- China announced that North Korean leader Kim Jong Un made a trip to Beijing to meet with Chinese President Xi Jinping.
- Kim Jong Un reportedly made several comments about the possibility of denuclearizing.
- But Kim suggested there may be strings attached.
- Foreign policy experts are lowering expectations for an immediate outcome from the upcoming US-North Korean summit.
While China’s announcement of North Korean leader Kim Jong Un’s visit to the country was promoted as a positive step toward peace on the Korean Peninsula, Kim’s remarks took a different tone.
“It is our consistent stand to be committed to denuclearization on the peninsula, in accordance with the will of late President Kim Il Sung and late General Secretary Kim Jong Il,” Kim reportedly said, according to China’s Xinhau News Agency.
But what Kim reportedly said next indicates what his expectations are ahead of a summit with the South and the US.
“The issue of denuclearization of the Korean Peninsula can be resolved, if [South] Korea and the United States respond to our efforts with goodwill, create an atmosphere of peace and stability while taking progressive and synchronous measures for the realisation of peace,” Kim continued.
Kim’s statement suggests that North Korea’s path toward denuclearization depends on how South Korea and the US respond to its overtures of peace.

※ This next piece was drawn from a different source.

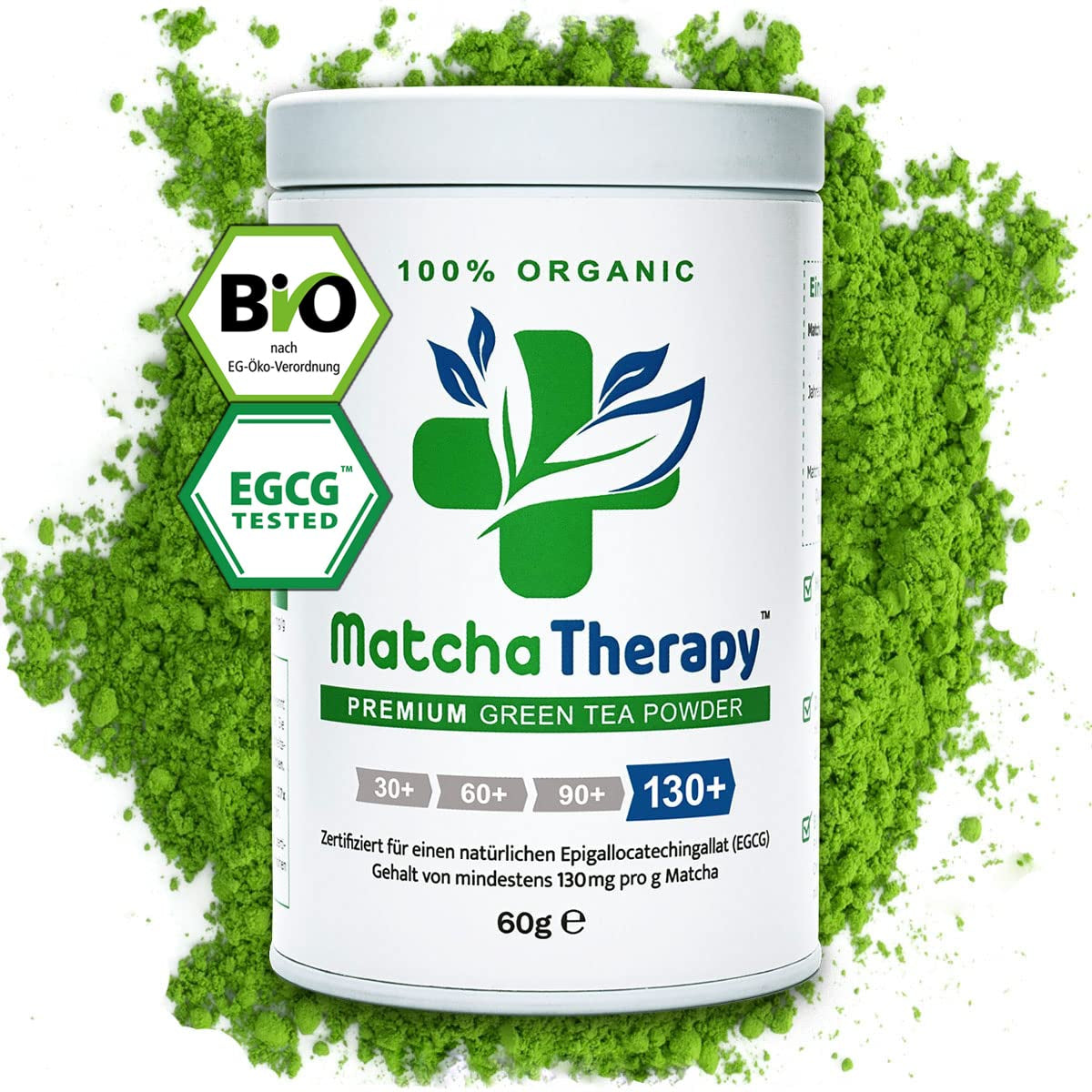 Matcha terapi 30+ | Økologisk Matcha tepulver | 60 g | Med et verificeret indhold på mindst 30 mg/g catechin EGCG | Understøtter immunsystemet og energiniveauet | Ceremoniel kvalitet | Grøn te fra Japan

But as many North Korean hawks in the foreign-policy community would point out, the North has backed out of diplomatic efforts and has reneged on agreements before.
North Korea has a documented history of excusing itself from talks and agreements, such as the nuclear Nonproliferation Treaty in 2003, in which North Korea agreed to forgo developing or acquiring nuclear weapons, according to the Arms Control Association.

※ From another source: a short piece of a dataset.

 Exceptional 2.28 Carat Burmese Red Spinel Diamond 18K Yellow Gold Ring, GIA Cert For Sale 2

In the past, North Korea has also used United Nations sanctions and US-South Korean military exercises as justification for an uptick in provocative acts.
Mintaro Oba, a former US State Department diplomat involved in Korean affairs, says it’s too soon to get excited about North Korea’s latest overtures.

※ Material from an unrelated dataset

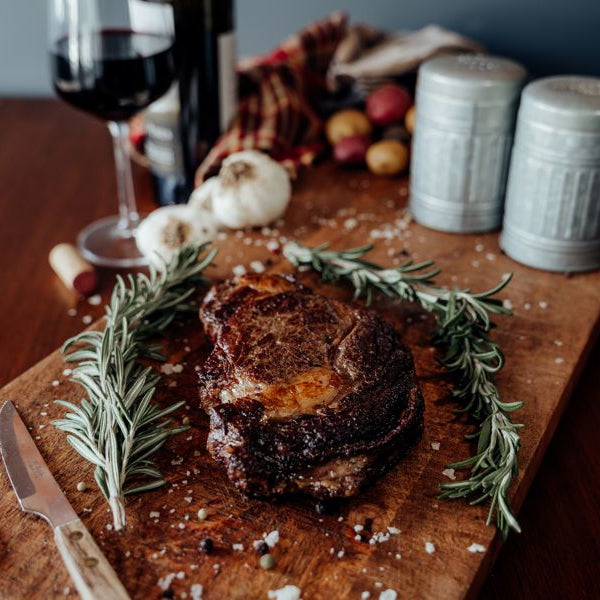 Grassfed Beef Ribeye Grilled on cutting board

“I wouldn’t interpret this as a substantive change to denuclearization,” Oba told Business Insider. “Kim is signalling that he has a lot of options. He wants to seem like he’s acting in good faith as much as possible right now.”
The idea that North Korea might allow International Atomic Energy Agency inspectors to verify the complete dismantlement of its nuclear weapons may seem improbable, considering how important they are to the regime’s domestic and international political clout. North Korea revised its constitution to tout its nuclear ambitions in 2012, and announced its plan of “mass producing nuclear warheads and ballistic missiles for operational deployment” in January.
Kim’s statement, that the US should take “progressive and synchronous measures for the realisation of peace,” also reflects the complexity of such an effort. Some experts estimate that the process of denuclearizing could take at least 10 years to achieve, and although some reports suggest that North Korea could have as many as 20 nuclear bombs, the exact number isn’t widely known.
“It’s going to take a lot of time and negotiation to see how flexible North Korea will be on this question,” Oba said. “That should be something to probe for after the summit rather than the summit itself. There’s many more meetings, many more talks, to find out common ground and see where there can be flexibility.”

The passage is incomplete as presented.